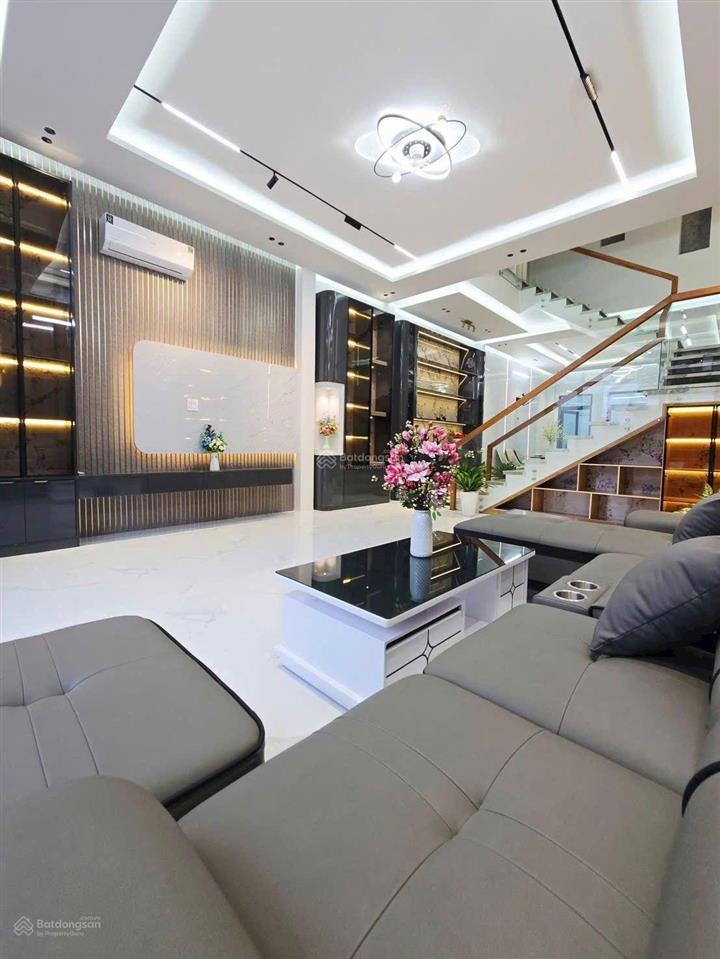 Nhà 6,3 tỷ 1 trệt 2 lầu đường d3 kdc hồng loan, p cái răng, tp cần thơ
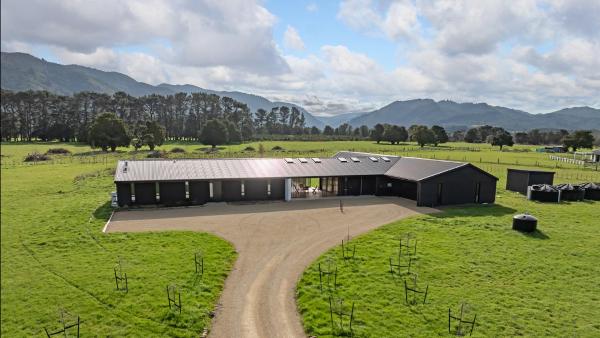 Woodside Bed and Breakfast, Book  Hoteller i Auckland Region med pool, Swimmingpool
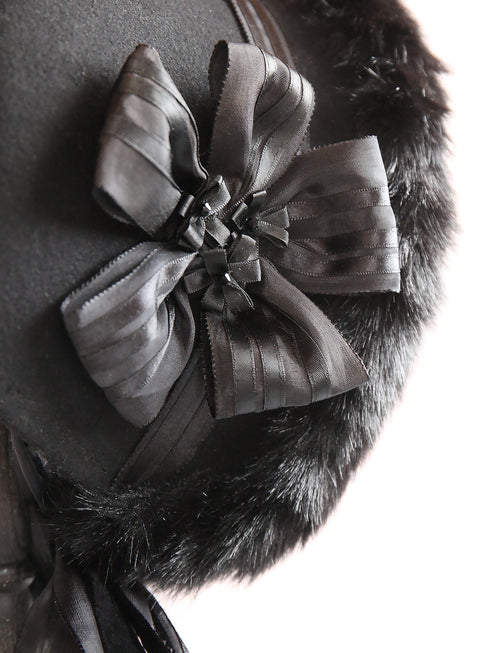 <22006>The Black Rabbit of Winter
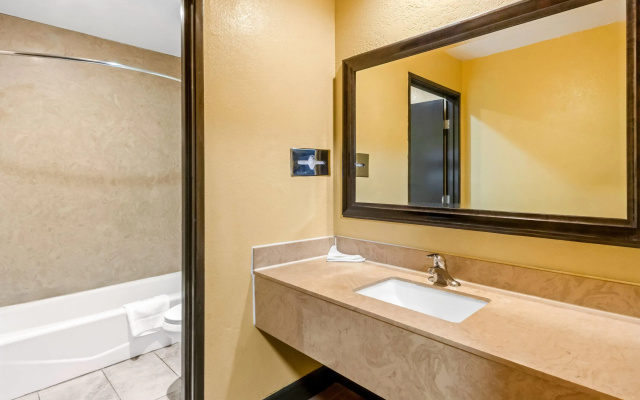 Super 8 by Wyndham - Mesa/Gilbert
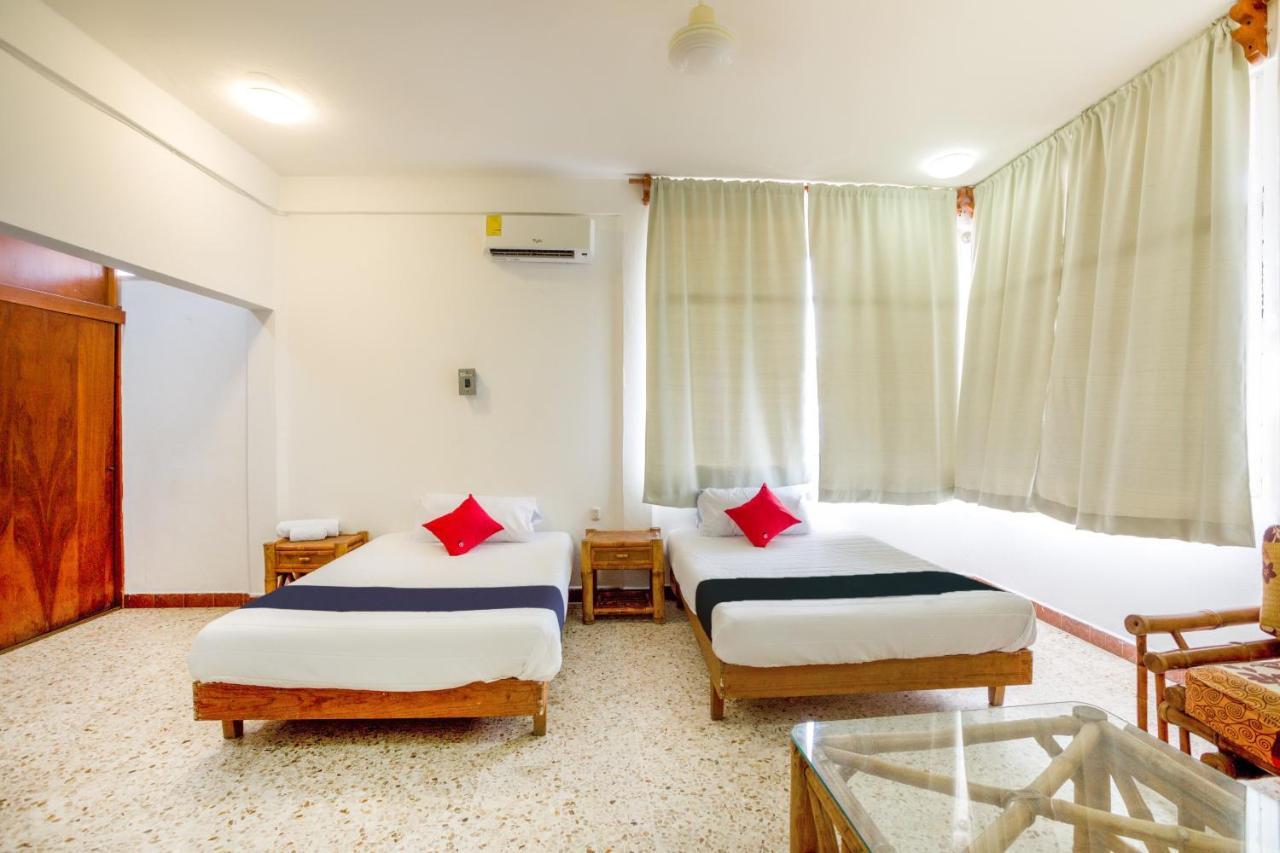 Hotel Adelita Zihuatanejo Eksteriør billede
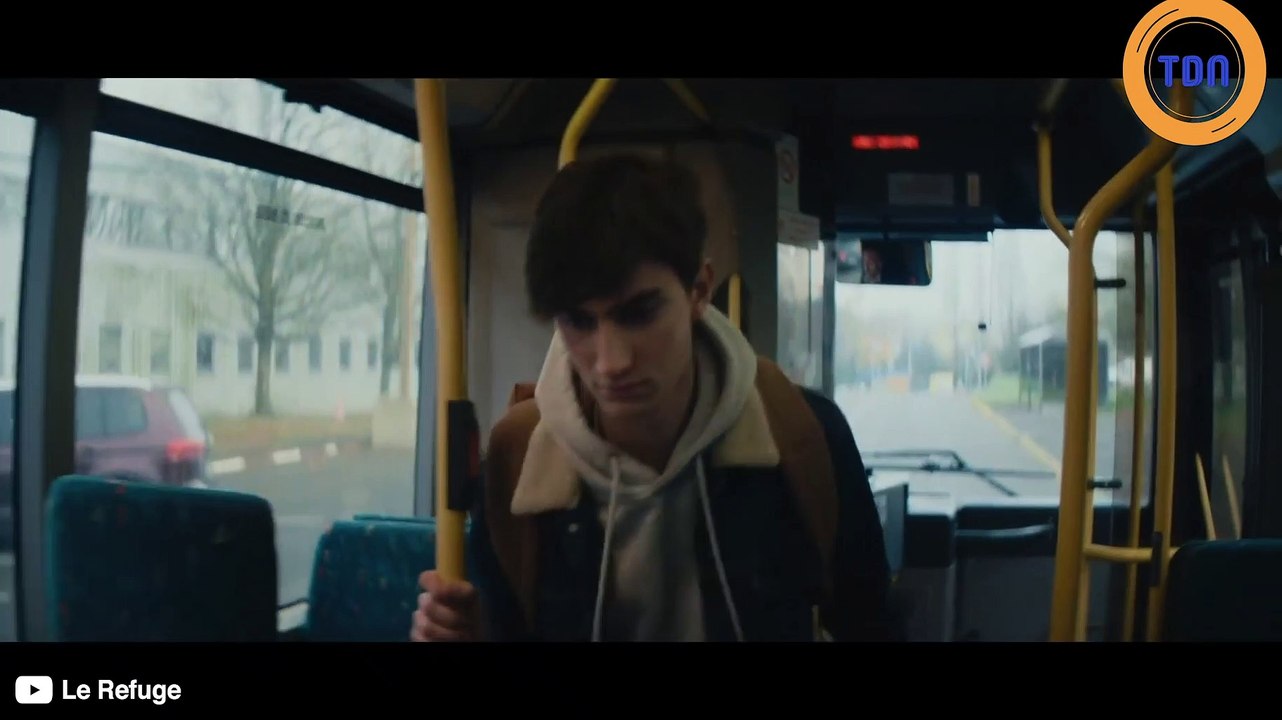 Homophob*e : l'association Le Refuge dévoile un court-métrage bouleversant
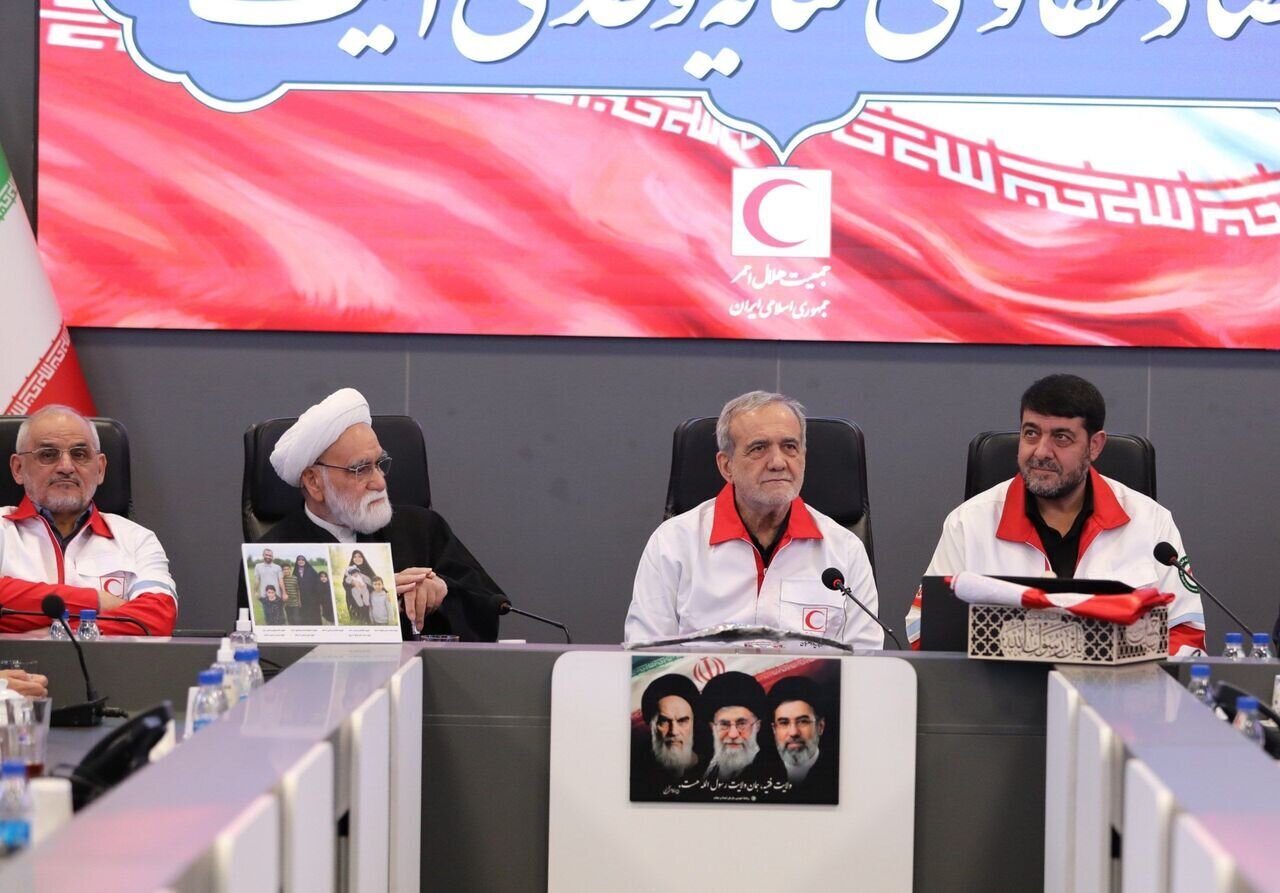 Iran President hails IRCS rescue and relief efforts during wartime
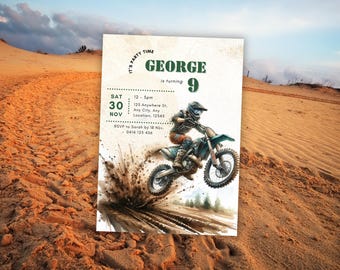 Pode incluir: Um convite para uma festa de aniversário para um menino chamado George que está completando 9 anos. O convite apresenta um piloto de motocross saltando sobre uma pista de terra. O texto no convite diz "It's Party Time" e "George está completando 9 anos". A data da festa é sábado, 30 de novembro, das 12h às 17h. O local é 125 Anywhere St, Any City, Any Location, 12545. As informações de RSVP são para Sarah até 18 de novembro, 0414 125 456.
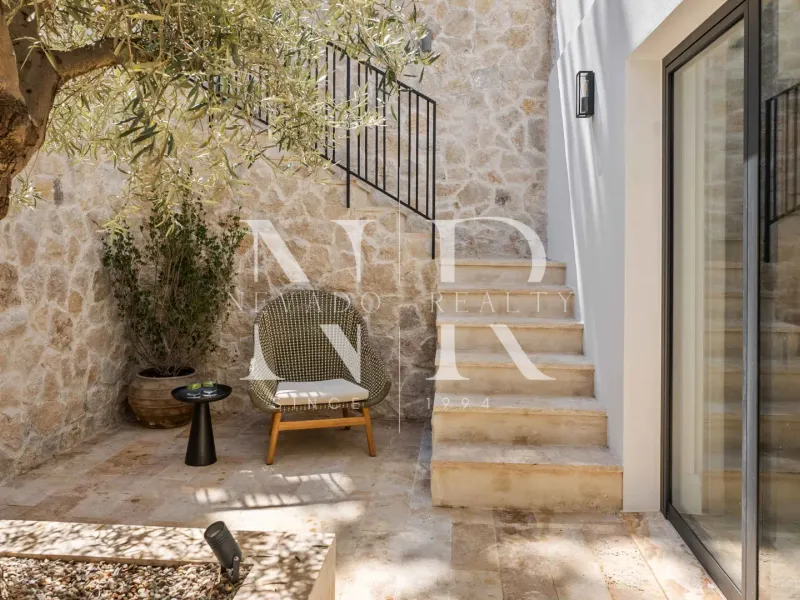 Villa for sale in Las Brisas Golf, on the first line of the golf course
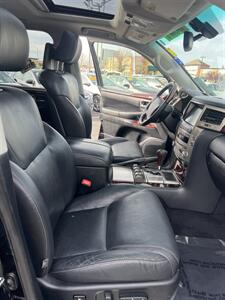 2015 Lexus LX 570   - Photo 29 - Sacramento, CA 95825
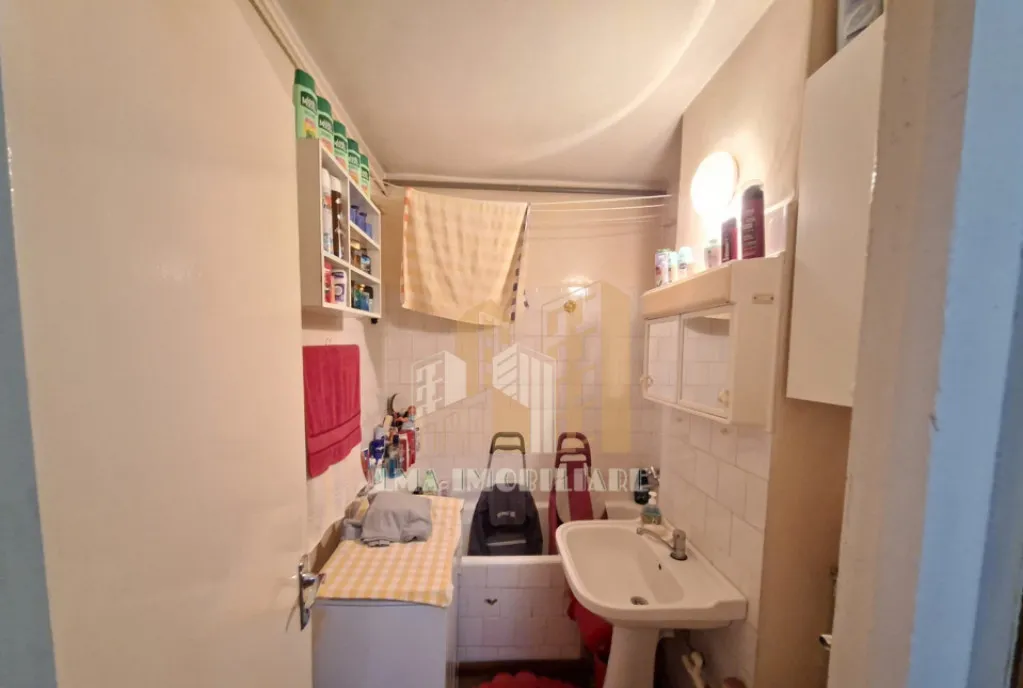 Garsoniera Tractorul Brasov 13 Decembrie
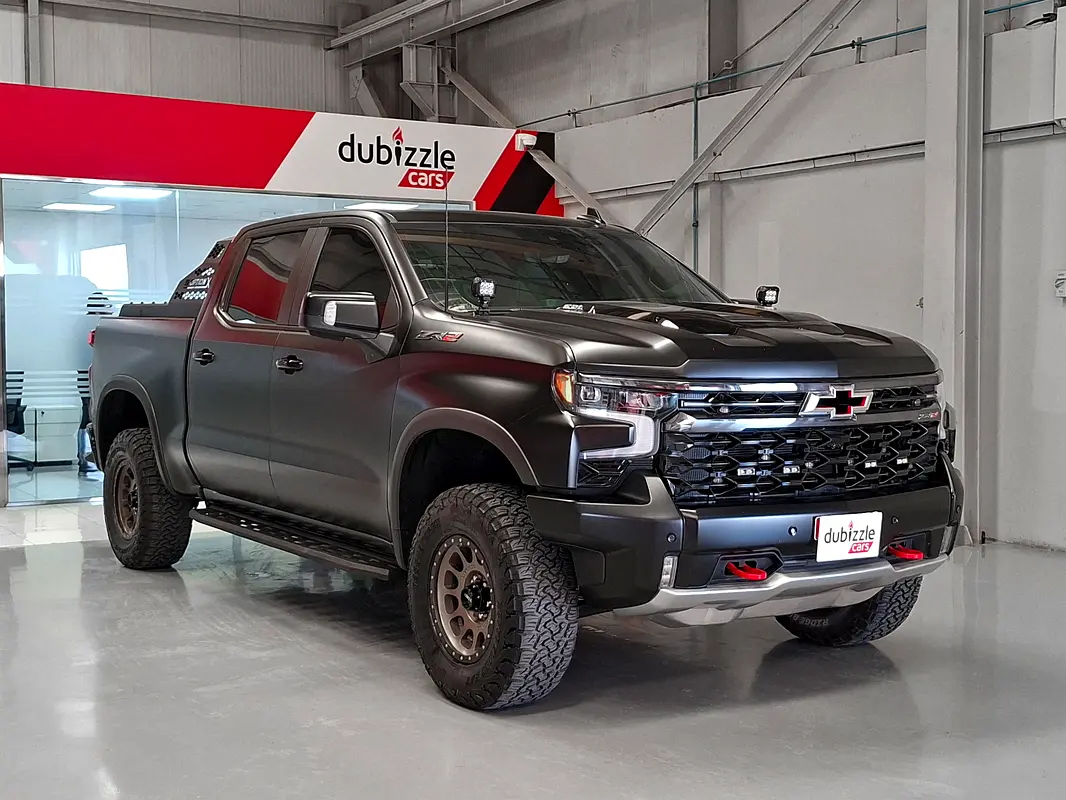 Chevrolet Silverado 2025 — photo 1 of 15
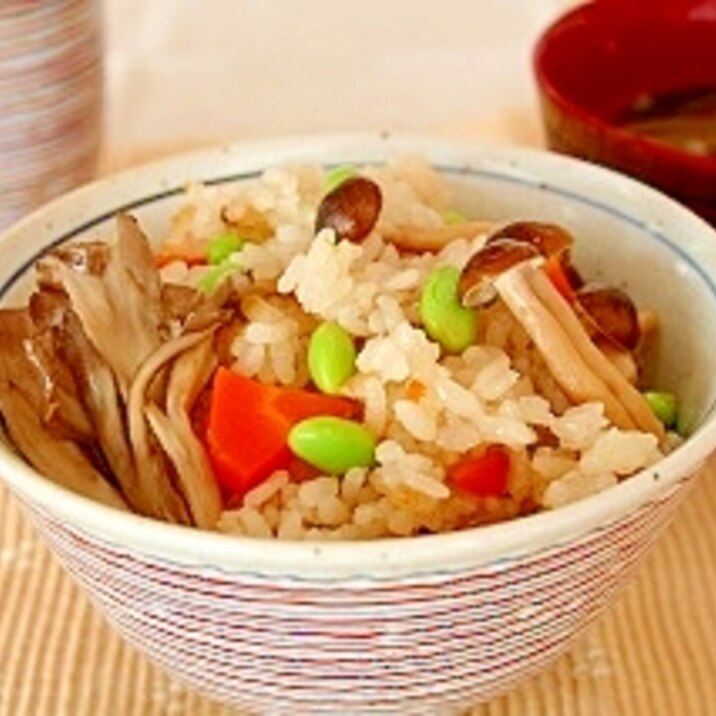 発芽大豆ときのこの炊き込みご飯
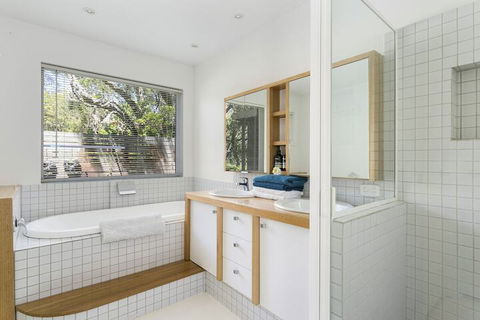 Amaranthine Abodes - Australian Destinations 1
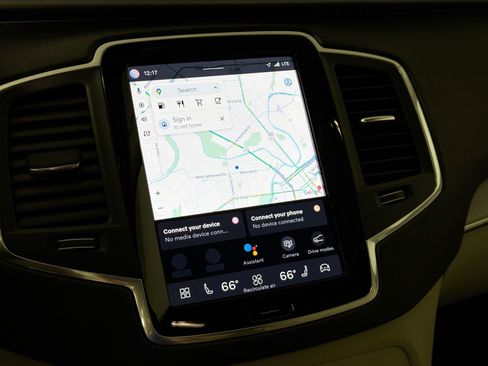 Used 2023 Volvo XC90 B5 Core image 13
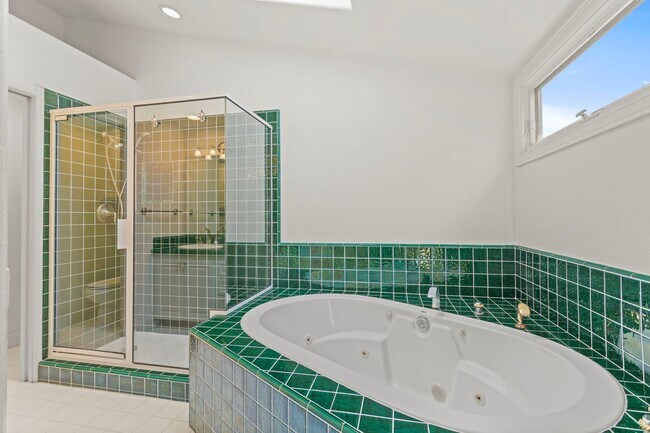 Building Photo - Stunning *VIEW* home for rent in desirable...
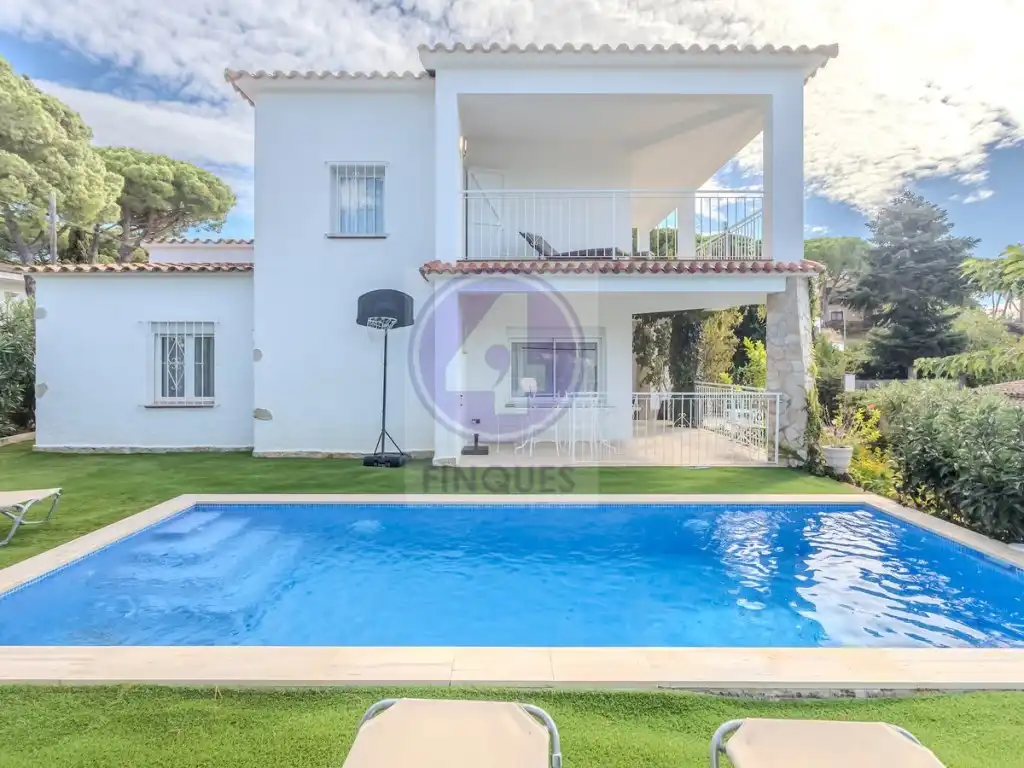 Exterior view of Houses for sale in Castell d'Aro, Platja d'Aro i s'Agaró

#### GOAL OF THE EXERCISE:
Copy only this from above: the line containing "Woodside Bed and", the line containing "Iran President hails", and all lines between, printed exactly. Leave out the pictures.

#### OUTPUT FOR THIS EXERCISE:
 Woodside Bed and Breakfast, Book  Hoteller i Auckland Region med pool, Swimmingpool
 <22006>The Black Rabbit of Winter
 Super 8 by Wyndham - Mesa/Gilbert
 Hotel Adelita Zihuatanejo Eksteriør billede
 Homophob*e : l'association Le Refuge dévoile un court-métrage bouleversant
 Iran President hails IRCS rescue and relief efforts during wartime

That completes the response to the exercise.